Iowa City, 20 times over sustainability level, works on carbon

BY MEGAN DIAL | APRIL 07, 2009 7:30 AM

Iowa City’s greenhouse-gas emission rate is similar to the nation’s average of 19.6 metric tons per capita. But that’s nearly 20 times more than the sustainable level.

The city’s average is based on preliminary data measuring the amount of fossil fuels burned in Iowa City.
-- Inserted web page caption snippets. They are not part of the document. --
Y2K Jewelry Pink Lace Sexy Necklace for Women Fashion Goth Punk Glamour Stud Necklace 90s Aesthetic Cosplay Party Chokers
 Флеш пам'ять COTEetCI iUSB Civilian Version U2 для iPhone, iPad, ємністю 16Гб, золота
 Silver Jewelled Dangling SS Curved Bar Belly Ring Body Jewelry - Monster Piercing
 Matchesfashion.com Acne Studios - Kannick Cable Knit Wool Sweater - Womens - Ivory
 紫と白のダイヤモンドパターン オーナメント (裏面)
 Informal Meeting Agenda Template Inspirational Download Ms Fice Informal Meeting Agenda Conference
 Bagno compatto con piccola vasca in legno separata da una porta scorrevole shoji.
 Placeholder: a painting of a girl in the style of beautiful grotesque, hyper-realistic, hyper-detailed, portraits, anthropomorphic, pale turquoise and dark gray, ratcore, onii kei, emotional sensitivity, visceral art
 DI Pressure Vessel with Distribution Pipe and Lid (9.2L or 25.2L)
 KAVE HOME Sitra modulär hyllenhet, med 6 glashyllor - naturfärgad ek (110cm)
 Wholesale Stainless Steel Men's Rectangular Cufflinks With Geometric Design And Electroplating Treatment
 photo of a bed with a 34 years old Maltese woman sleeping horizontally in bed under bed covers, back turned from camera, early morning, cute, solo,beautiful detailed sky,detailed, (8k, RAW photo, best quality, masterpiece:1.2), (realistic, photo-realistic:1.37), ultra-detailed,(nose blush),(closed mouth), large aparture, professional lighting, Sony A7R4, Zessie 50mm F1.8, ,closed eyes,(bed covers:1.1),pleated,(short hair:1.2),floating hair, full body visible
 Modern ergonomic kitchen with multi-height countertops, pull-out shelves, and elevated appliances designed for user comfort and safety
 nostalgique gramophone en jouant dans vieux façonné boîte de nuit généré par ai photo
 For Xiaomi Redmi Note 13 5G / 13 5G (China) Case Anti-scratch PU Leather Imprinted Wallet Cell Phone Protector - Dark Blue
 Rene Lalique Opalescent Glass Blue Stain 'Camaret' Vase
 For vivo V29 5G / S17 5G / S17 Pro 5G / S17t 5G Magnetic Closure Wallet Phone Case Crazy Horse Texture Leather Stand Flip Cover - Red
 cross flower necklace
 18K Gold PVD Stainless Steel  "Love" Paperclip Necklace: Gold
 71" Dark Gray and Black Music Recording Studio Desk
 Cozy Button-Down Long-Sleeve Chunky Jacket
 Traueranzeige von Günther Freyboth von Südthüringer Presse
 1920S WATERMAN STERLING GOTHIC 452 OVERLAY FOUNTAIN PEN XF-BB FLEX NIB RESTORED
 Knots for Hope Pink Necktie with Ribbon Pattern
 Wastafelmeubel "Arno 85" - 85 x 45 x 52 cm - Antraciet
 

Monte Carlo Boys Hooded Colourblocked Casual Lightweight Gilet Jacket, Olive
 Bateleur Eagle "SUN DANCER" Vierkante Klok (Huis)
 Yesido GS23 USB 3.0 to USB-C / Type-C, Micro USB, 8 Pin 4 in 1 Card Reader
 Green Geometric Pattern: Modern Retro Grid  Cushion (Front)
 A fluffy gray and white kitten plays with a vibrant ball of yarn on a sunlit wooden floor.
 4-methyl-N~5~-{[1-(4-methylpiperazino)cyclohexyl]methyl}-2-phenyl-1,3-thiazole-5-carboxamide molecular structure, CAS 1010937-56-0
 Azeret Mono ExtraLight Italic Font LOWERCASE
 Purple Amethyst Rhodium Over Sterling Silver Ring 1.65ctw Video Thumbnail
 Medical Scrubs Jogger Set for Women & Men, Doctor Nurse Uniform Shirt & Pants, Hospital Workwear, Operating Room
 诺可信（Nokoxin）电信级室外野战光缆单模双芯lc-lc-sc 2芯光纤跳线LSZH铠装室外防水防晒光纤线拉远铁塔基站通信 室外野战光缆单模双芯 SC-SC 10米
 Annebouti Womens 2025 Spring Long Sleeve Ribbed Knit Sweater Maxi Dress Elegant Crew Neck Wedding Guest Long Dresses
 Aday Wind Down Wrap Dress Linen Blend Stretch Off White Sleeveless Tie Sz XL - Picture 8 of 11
It was collected by Brenda Nations, the city’s greenhouse-gas emissions evaluator.

“We’re definitely one of the highest [countries] in the world,” she said, and the sustainable level for carbon emission is one metric ton per capita.

Nations collects data on everything in the city that uses fossil fuels — including buildings and vehicles — and then uses a program to translate the information into the carbon-dioxide equivalent.

Because the survey is not complete, she said, she couldn’t share exact statistics for Iowa City.

Several other cities in Iowa are completing the inventory as part of the organization ICLEI-Local Governments for Sustainability — including Dubuque, Des Moines, and North Liberty — but Nations said she hopes Iowa City will be the first to finish.

UI civil and environmental engineering Professor Jerald Schnoor said Iowa is well above the nation’s average — emitting about 40 metric tons per capita each year.

Schnoor is the chairman of the Iowa Climate Change Advisory Council, which, he said, has identified 54 options to reduce the state’s carbon footprint.

“Things as simple as enforcing building codes, driving more fuel-efficient cars, programmable thermostats in our houses, and weatherizing our homes — actions like that will not only save us money but also create jobs in Iowa,” he said.

Schnoor said money is available under President Obama’s stimulus package for sustainable projects.
Iowa City officials have recently become aware of the possibility of earning federal funding for creating more energy-efficient programs, Nations said.

“We’re not at that point, but we hope that will be useful in our mission,” she said.

Before city officials begin new projects to reduce carbon emission, Nations said the No. 1 priority is to finish the inventory.

“We’re going to have to look into what we want to do and what we can do,” she said. “As far as the city, we don’t know yet.”

Liz Christiansen, the director of the UI Office of Sustainability, said, according to Nations’ report, the greenhouse-gas emissions for the UI Power Plant have reduced over the past eight years.

“That’s as a result of our biomass project,” Christiansen said. “That shows you the potential for further use of biomass and that’s certainly the direction we’re moving.”

Schnoor said the UI will continue to decrease its carbon emission by burning more biomass — a more sustainable method of incinerating oat hulls — and he hopes the UI and Iowa City will be able to work together to lower greenhouse-gas emissions.

“We are becoming very aggressive on energy conservation which should help reduce our energy demands,” Christiansen said.